• **EXERCISE DATA**:
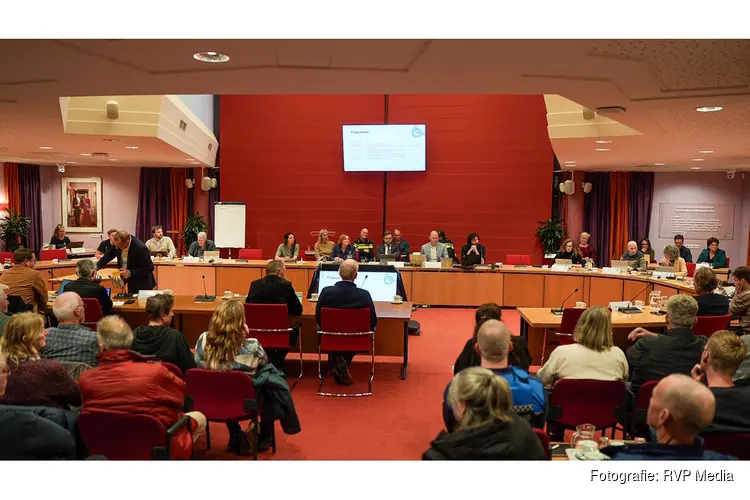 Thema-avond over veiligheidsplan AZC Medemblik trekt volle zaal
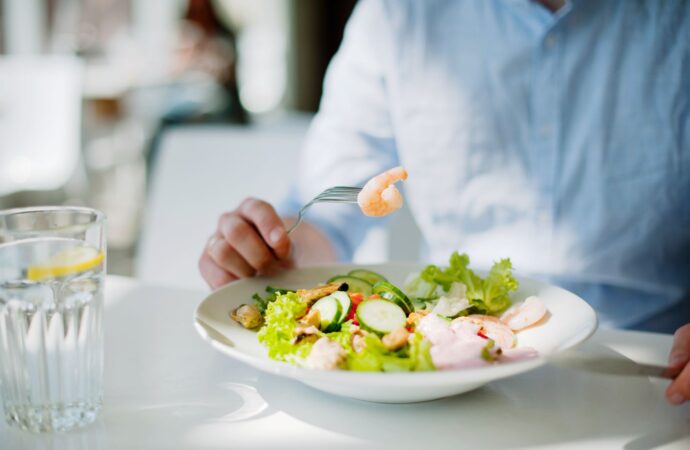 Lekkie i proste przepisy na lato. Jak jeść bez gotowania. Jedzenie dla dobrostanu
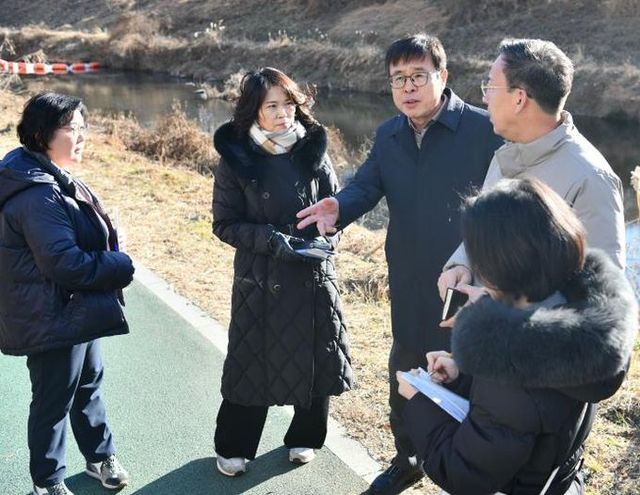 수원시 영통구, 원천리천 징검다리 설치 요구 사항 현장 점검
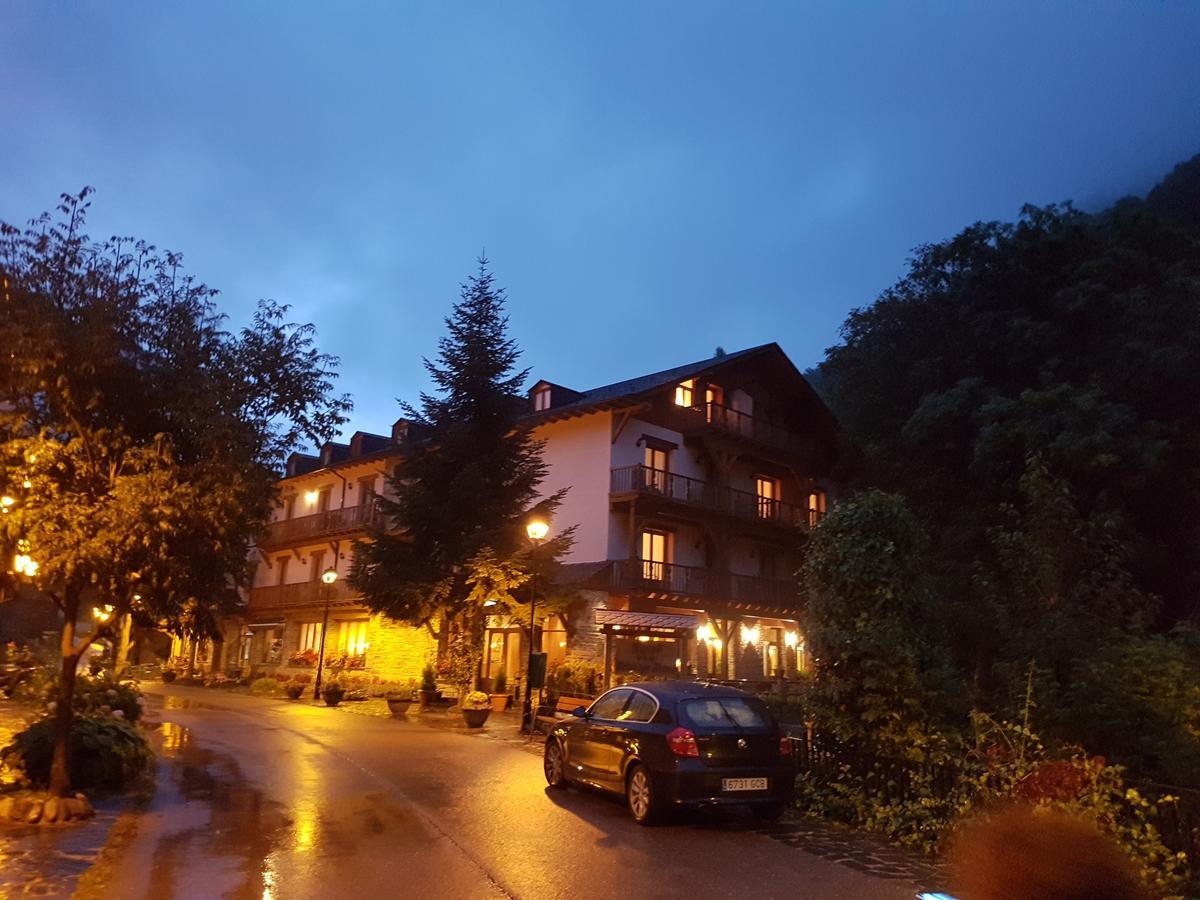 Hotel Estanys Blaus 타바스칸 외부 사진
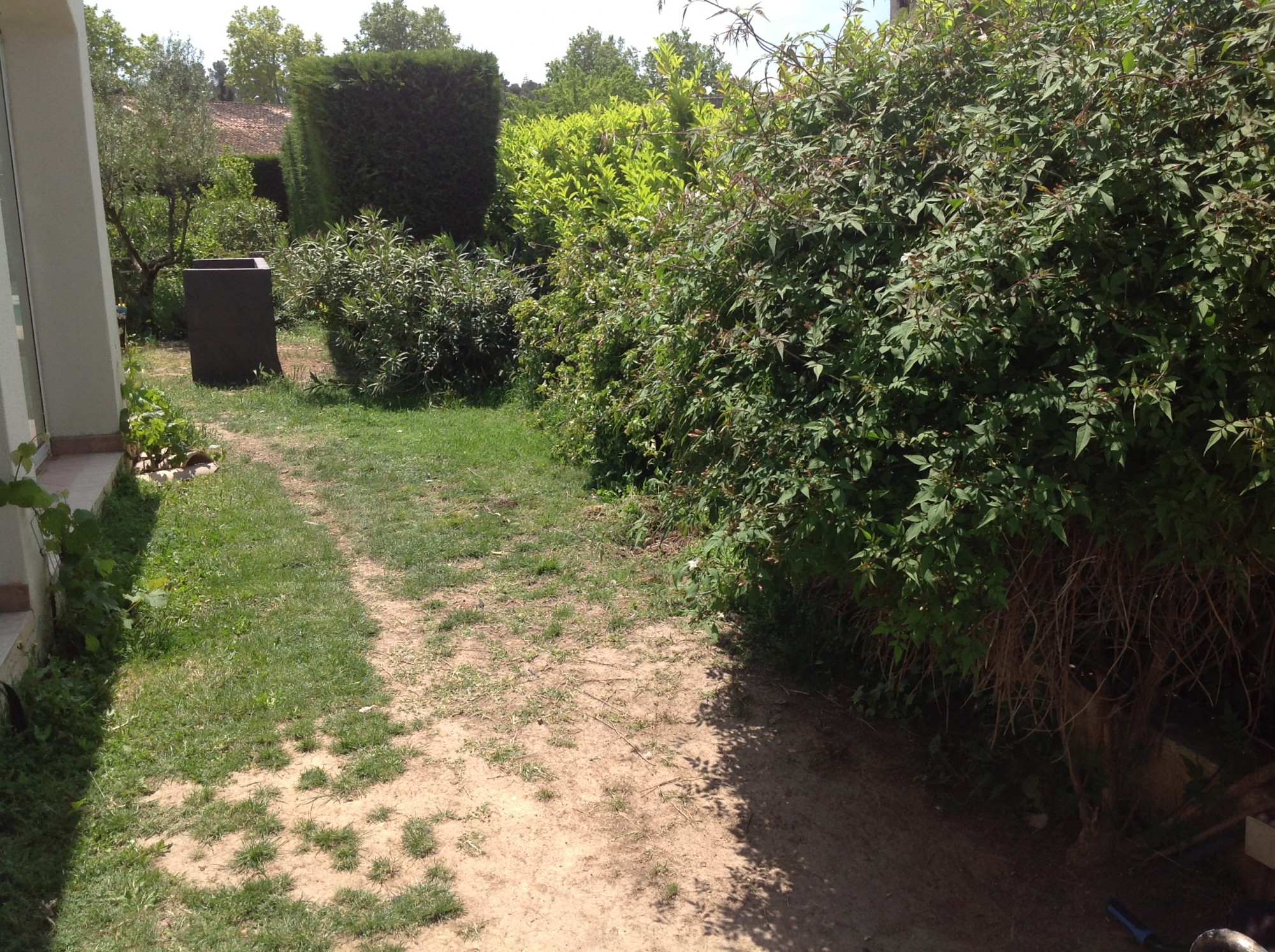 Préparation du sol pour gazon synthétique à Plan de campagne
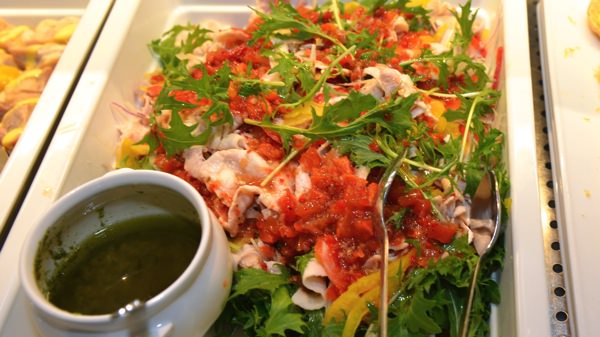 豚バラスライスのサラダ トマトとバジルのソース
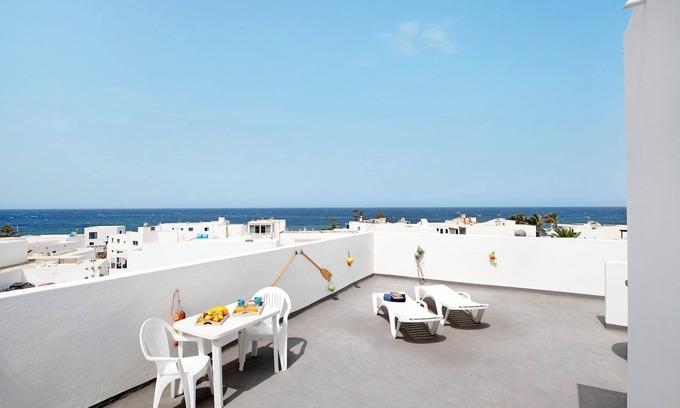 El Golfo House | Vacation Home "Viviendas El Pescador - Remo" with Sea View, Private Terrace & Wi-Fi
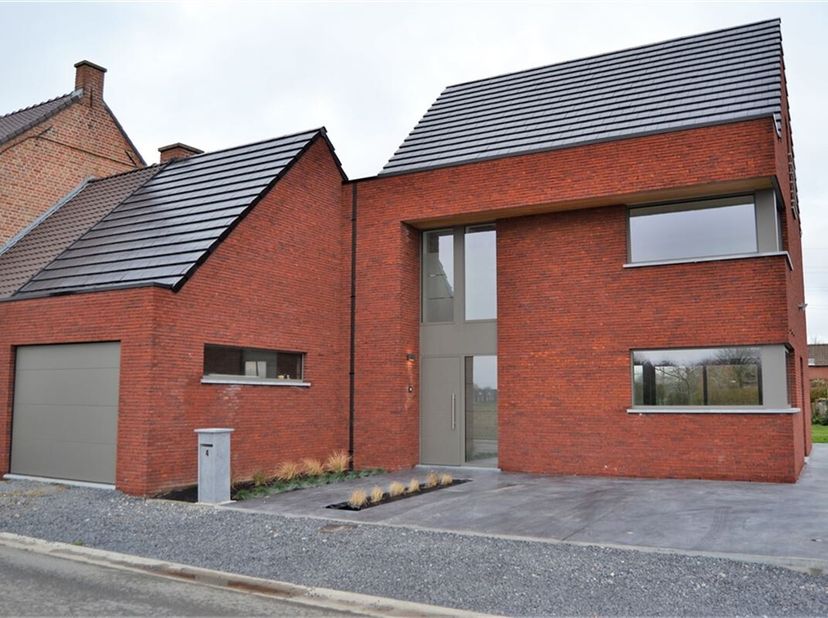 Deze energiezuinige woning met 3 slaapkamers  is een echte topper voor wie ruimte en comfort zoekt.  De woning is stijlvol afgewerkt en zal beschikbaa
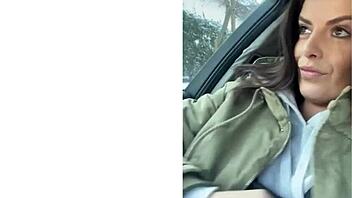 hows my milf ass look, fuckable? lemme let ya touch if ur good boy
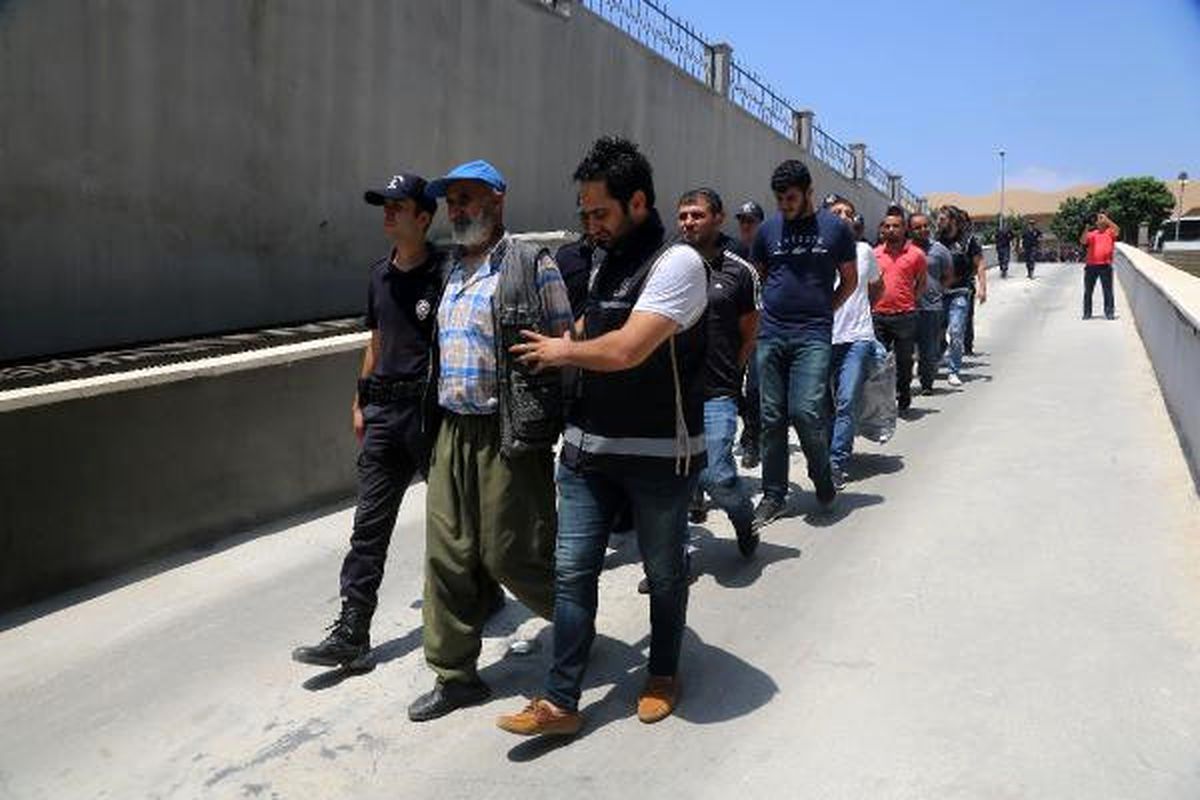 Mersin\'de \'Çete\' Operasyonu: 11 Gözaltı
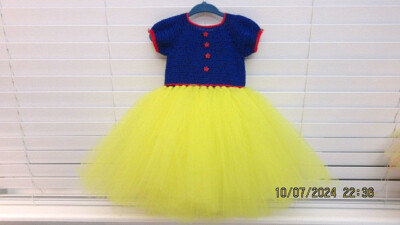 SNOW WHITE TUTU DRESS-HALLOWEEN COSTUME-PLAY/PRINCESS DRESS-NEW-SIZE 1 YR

• **EXERCISE GOAL**:
Your task is an exact printout of the records above, with no pictures.

• **ANSWER BOX**:
 Thema-avond over veiligheidsplan AZC Medemblik trekt volle zaal
 Lekkie i proste przepisy na lato. Jak jeść bez gotowania. Jedzenie dla dobrostanu
 수원시 영통구, 원천리천 징검다리 설치 요구 사항 현장 점검
 Hotel Estanys Blaus 타바스칸 외부 사진
 Préparation du sol pour gazon synthétique à Plan de campagne
 豚バラスライスのサラダ トマトとバジルのソース
 El Golfo House | Vacation Home "Viviendas El Pescador - Remo" with Sea View, Private Terrace & Wi-Fi
 Deze energiezuinige woning met 3 slaapkamers  is een echte topper voor wie ruimte en comfort zoekt.  De woning is stijlvol afgewerkt en zal beschikbaa
 hows my milf ass look, fuckable? lemme let ya touch if ur good boy
 Mersin\'de \'Çete\' Operasyonu: 11 Gözaltı
 SNOW WHITE TUTU DRESS-HALLOWEEN COSTUME-PLAY/PRINCESS DRESS-NEW-SIZE 1 YR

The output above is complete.